La relation contractuelle est soumise à la convention collective de la métallurgie de la région parisienne du 16 juillet 1954 et l’association comptait au moins onze salariés lors de la rupture de cette relation.
Par lettre recommandée datée du 19 mars 2019 avec avis de réception, l’association a convoqué M. [L] à un entretien préalable à une sanction disciplinaire « pouvant aller jusqu’au licenciement » fixé au 27 mars suivant.
Par lettre distincte datée du même jour remise en main propre, l’association a notifié à M. [L] une mise à pied à titre conservatoire à compter du 19 mars 2019 à 16h36 « compte tenu d’agissements fautifs ».
Par lettre recommandée datée du 11 avril 2019 avec avis de réception, l’association a notifié à M. [L] son « licenciement pour faute grave ».
Estimant ne pas être rempli de ses droits, M. [L] a saisi le conseil de prud’hommes de Bobigny le 9 août 2019.
Par jugement du 6 juillet 2021 auquel il est renvoyé pour l’exposé des prétentions initiales et de la procédure antérieure, le conseil de prud’hommes de Bobigny a :
— débouté M. [L] de l’ensemble de ses demandes ;
— débouté l’association de sa demande reconventionnelle ;
— condamné M. [L] aux dépens.
Par déclaration du 27 novembre 2021, M. [L] a régulièrement interjeté appel du jugement.

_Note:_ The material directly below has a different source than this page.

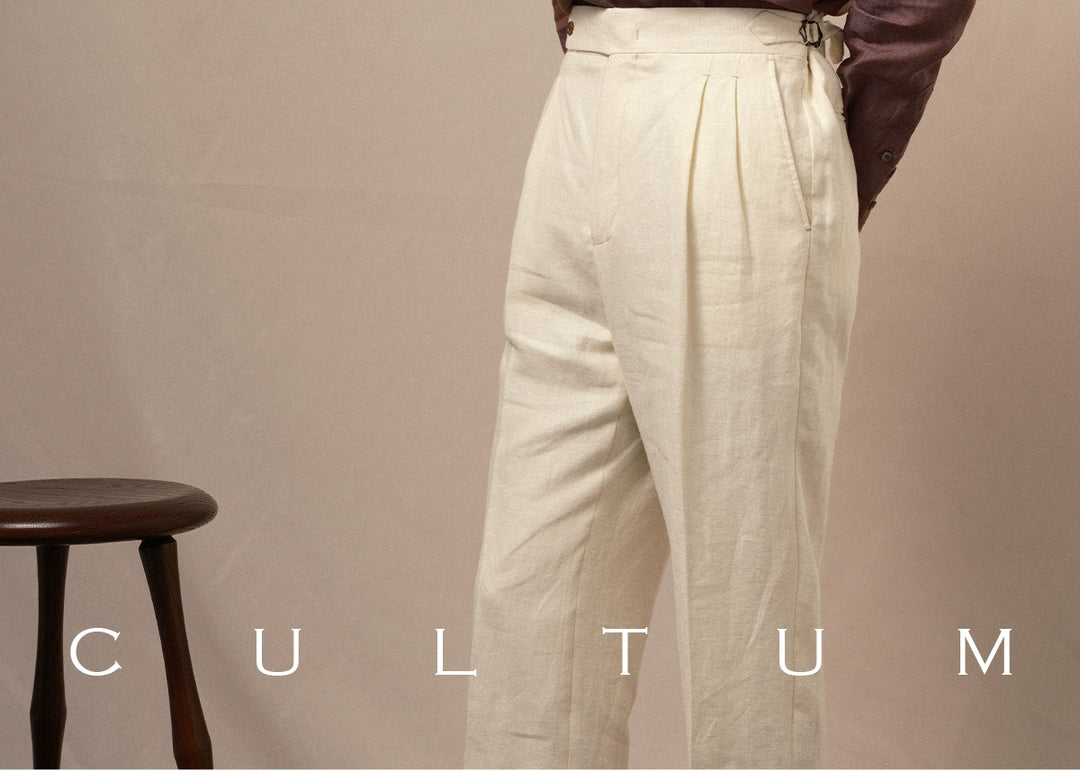 High-Twist Wool Vintage Trousers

Aux termes de ses dernières conclusions transmises par voie électronique le 19 septembre 2023 auxquelles la cour renvoie pour plus ample exposé des prétentions et moyens en application de l’article 455 du code de procédure civile, M. [L] demande à la cour de :
— déclarer recevable et fondé l’appel interjeté ;
y faisant droit,
— confirmer le jugement en ce qu’il a débouté l’association de sa demande d’article 700 du code de procédure civile ;
— infirmer la décision entreprise en toutes ses dispositions ;
statuant à nouveau,
— fixer son salaire moyen à la somme de 1 544,57 euros ;
— juger abusive la rupture anticipée du contrat à durée déterminée prononcée le 11 avril 2019 ;
— juger que les condamnations seront opposables à l’association APF France Handicap et à son établissement APF Entreprise 93 ;
— condamner l’association APF France Handicap et son établissement APF Entreprise 93 au paiement des sommes suivantes :
* 1 853 euros d’indemnité de fin de contrat ;
* 14 518,96 euros de dommages-intérêts pour rupture abusive du contrat à durée déterminée ;
* 1 000 euros de dommages-intérêts pour manquement à l’exécution de bonne foi du contrat de travail ;
* 5 000 euros de dommages-intérêts « pour circonstances vexatoires de la rupture anticipée » ;
— ordonner la remise des documents de fin de contrat (attestation Pôle Emploi, solde de tout compte et certificat de travail) conformes à la décision à intervenir sous astreinte de 200 euros par jour de retard et par document à compter du lendemain de la notification de la décision dans la limite de 190 jours et se réserver le pouvoir de la liquider ;
— juger que les créances salariales porteront intérêts au taux légal à compter de la réception par l’employeur de sa convocation devant le conseil de prud’hommes tandis que les créances indemnitaires porteront intérêts au taux légal à compter de la décision en fixant tout à la fois le principe et le montant, la capitalisation des intérêts étant ordonnée conformément aux dispositions de l’article 1343-2 du code civil ;
— condamner l’association APF France Handicap et son établissement APF Entreprise 93 à porter et payer à Me Partouche, avocat désigné au titre de l’aide juridictionnelle, la somme de 2 500 euros par application de l’article 700 alinéa 2 du code de procédure civile ;
— condamner l’association APF France Handicap et son établissement APF Entreprise 93 en tous les dépens ;
— juger que ceux d’appel seront recouvrés directement par Me Partouche, conformément à la loi sur l’aide juridictionnelle.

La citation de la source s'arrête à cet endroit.